Any first century historian can tell you how good Romans were at killing. There's no way they would have given a body for burial unless they were convinced the person was dead. In fact, the Biblical account records what happens when Joseph of Arimathea asks Pilate for Jesus' body.

Mark 15:43-45 (ESV)
43 Joseph of Arimathea, a respected member of the council, who was also himself looking for the kingdom of God, took courage and went to Pilate and asked for the body of Jesus. 44 Pilate was surprised to hear that he should have already died. And summoning the centurion, he asked him whether he was already dead. 45 And when he learned from the centurion that he was dead, he granted the corpse to Joseph.

Pilate made sure he confirmed that Jesus was dead before allowing Joseph to take the body. Even if you were still convinced that Jesus wasn't fully dead, you would then need to presume that somehow after Jesus had been flogged, then crucified, then placed in a tomb without food or water for a couple of days somehow made a comeback, smashed through the rock sealed over the tomb and then single-handedly took on all of the Roman soldiers. You might accept that in a Sylvester Stallone movie but I don't think anyone would accept that as a historical fact.

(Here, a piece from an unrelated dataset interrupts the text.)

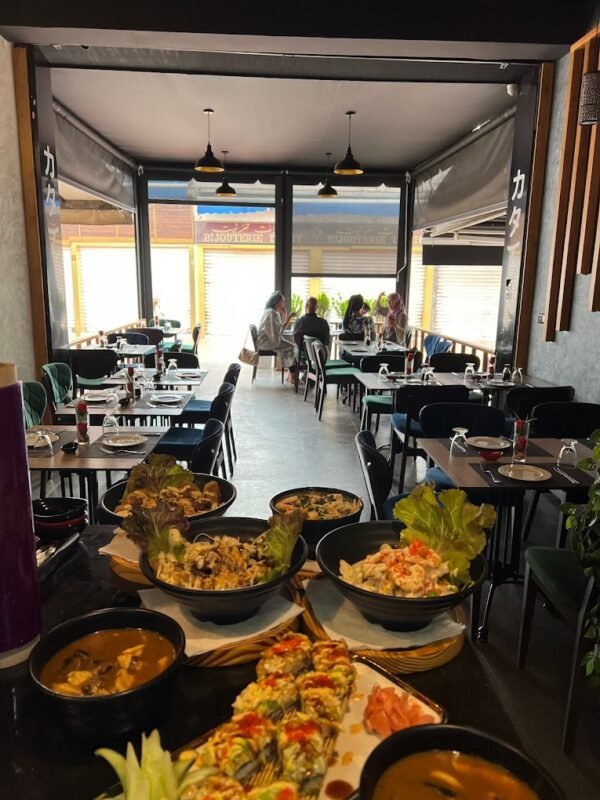 Katai Sushi – Image 2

Let's not underestimate the power of the mind. There have been countless people who have convinced themselves into believing something to be true that really isn't. As stated earlier, nowhere in history has there been disillusionment on such a grand scale as having over five hundred people all claiming to see the same delusions. Then add to this the Biblical record that embarrassingly states that NONE of Jesus's followers actually expected Jesus to be raised on the third day. You can hardly conclude then that they were so convinced and therefore talked themselves into believing it. They were only convinced AFTER seeing Jesus risen. Only an actual encounter with Jesus risen from the dead makes sense of why this group of followers turn from cowards hiding from people because of their association with Jesus to boldly proclaiming in public before crowds of the Resurrection of Jesus. Of the disciples, all expect John were killed because of their faith. They attempted to kill John by boiling him in oil but he survived. If you were making it up, you'd change your story before being placed in hot oil, burnt or crucified. But the truth of Jesus' resurrection was a truth even more valuable than their own lives.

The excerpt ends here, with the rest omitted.